How early relational patterns dictate our adult relationships
- thadhickman
- Apr 15
- 3 min read
Updated: 3 days ago

In this article we’ll consider how relational patterns learned in infancy can wield a powerful influence over our adult relationships. We’ll look at how these patterns came into being, the ways in which they continue to affect our lives today and, finally, we’ll consider what we can do to make this early patterning better serve us.
How relational patterns form
Humans are born vulnerable and reliant on others for their very survival. Without these adults there to protect, feed and take care of us we simply wouldn’t now exist. We are born dependent on relationship and we'e shaped by the nature of those primary relationships.
From an evolutionary perspective, it is vital for the infant's survival that they secure an unbreakable relationship with their parental figures. The infant of course doesn’t have a choice about who their caregivers are, nor the type of relationships offered. Therefore it is the infant that must adapt to the parents. And it is through this adaptation process where early relational patterns are forged.
Hidden and powerful influence
This patterning is activated the moment we are born and quickly establishes itself while we are in our infancy and pre-verbal - pre-recallable memory. Therefore, this fundamental way of relating to others is unconscious. These fundamental patterns of how we relate to others and the world are hidden to us.
Impact on our adult relationships
An example of the impact might be, that as an infant who had a parental figure who was emotionally distant, you adapted by keeping your emotions out of sight and your problems to yourself. In this way, you fitted into your parent’s way of relating and enabled you to successfully maintain this vital relationship, however significant the cost was to you. Now, as an adult, you are likely to have find repercussions of this pattern in your own close relationships. You might find it difficult to understand your own emotions? Or struggle to express yourself emotionally - as you were taught. To compensate for this, you might have developed a tendency to get upset or angry or perhaps withdraw when you encounter problems in relationships, leading to both confusion for you and for the other person.

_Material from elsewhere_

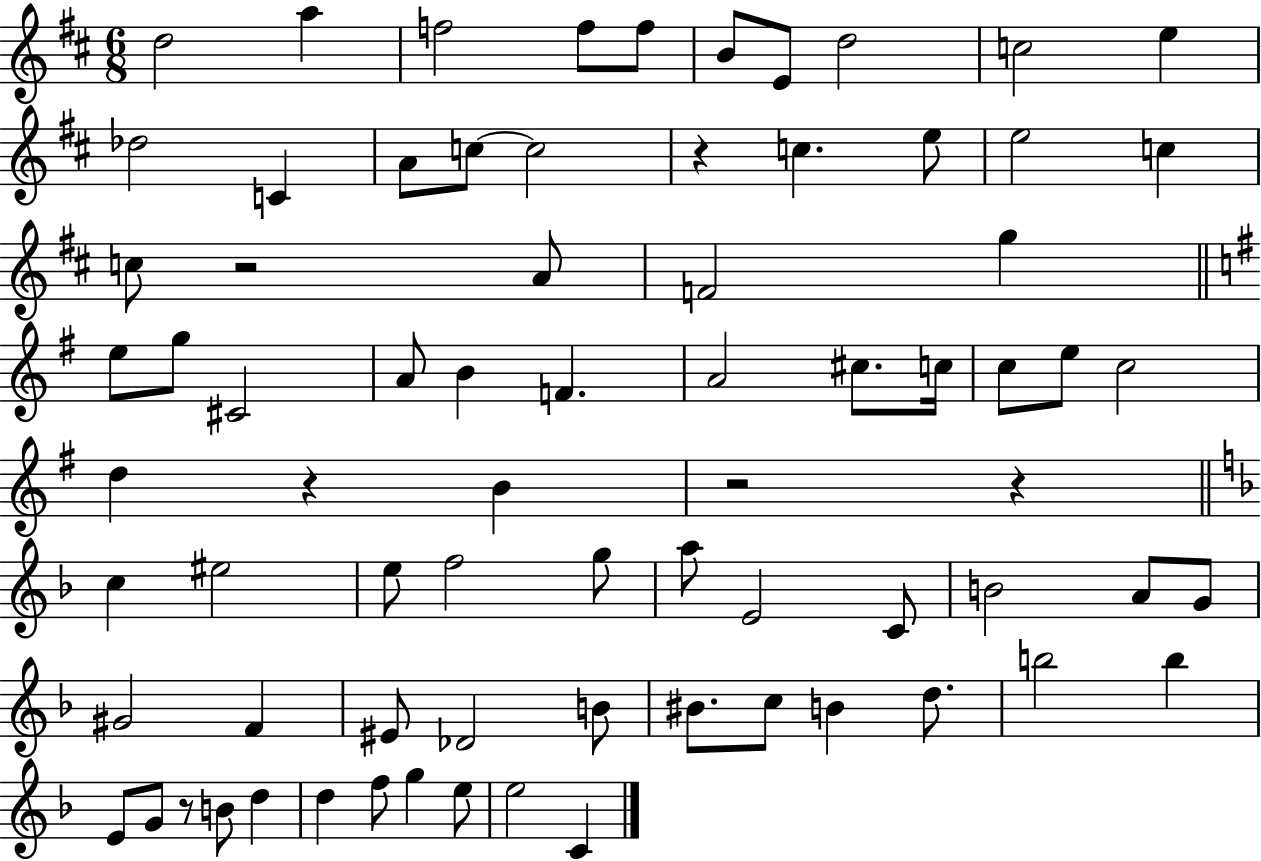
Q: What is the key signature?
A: D major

Another relational pattern example might be that as infant your parental figure was unpredictable, often changing from a being close and attentive to becoming distant and unapproachable. This relating style could have instilled anxiety in you as an infant – a pattern referred to as anxiously attached. As an adult, maybe you experience fear of abandonment in close relationships, with this then triggering controlling behaviour to alleviate the anxiety or excessively seeking reassurance from a partner.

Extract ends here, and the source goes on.